Dataset excerpt:
========================================
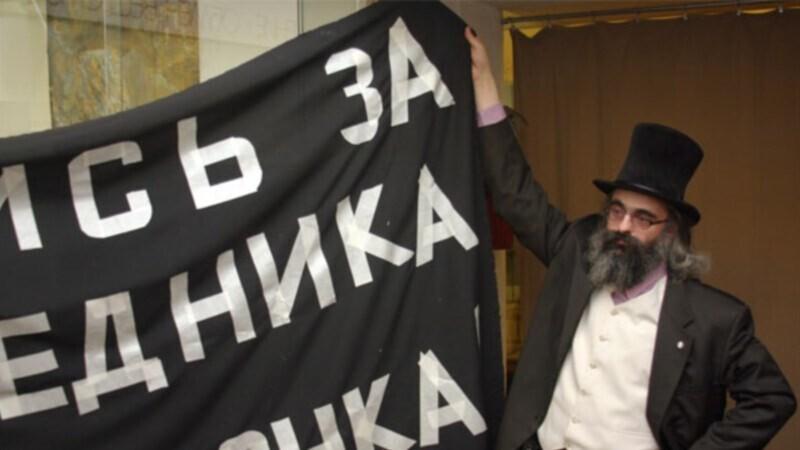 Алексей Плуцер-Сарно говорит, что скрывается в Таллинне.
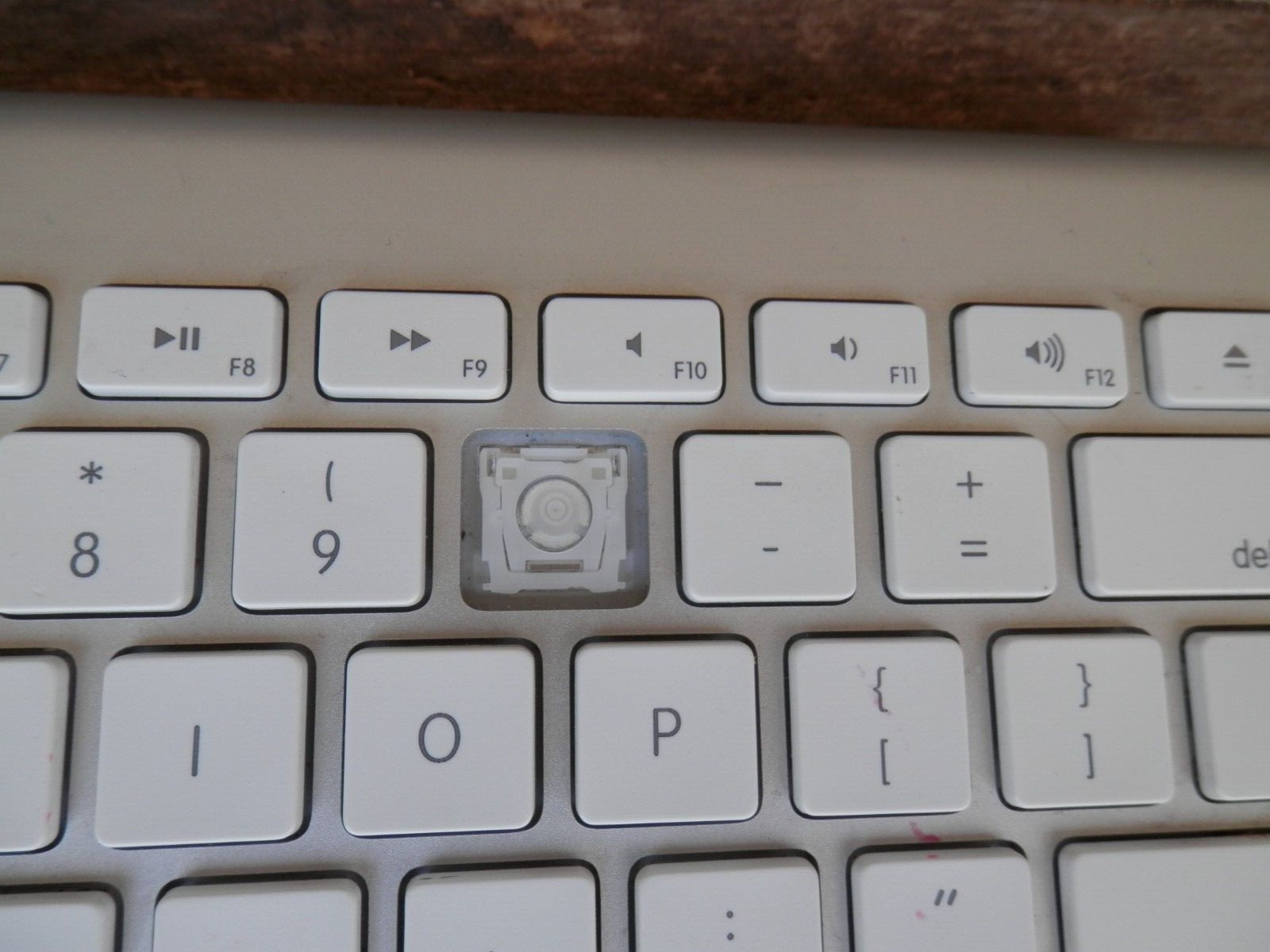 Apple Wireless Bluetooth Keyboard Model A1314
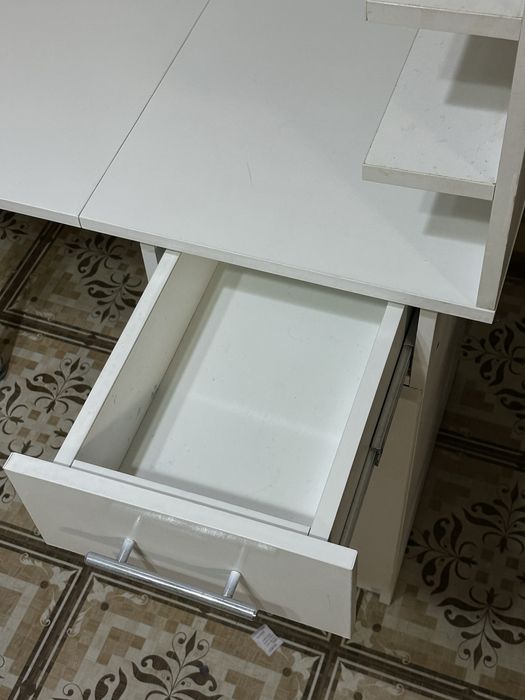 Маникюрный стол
========================================
Work required:
Print the whole listing above once more, word for word, without its pictures.

Solution for this exercise:
 Алексей Плуцер-Сарно говорит, что скрывается в Таллинне.
 Apple Wireless Bluetooth Keyboard Model A1314
 Маникюрный стол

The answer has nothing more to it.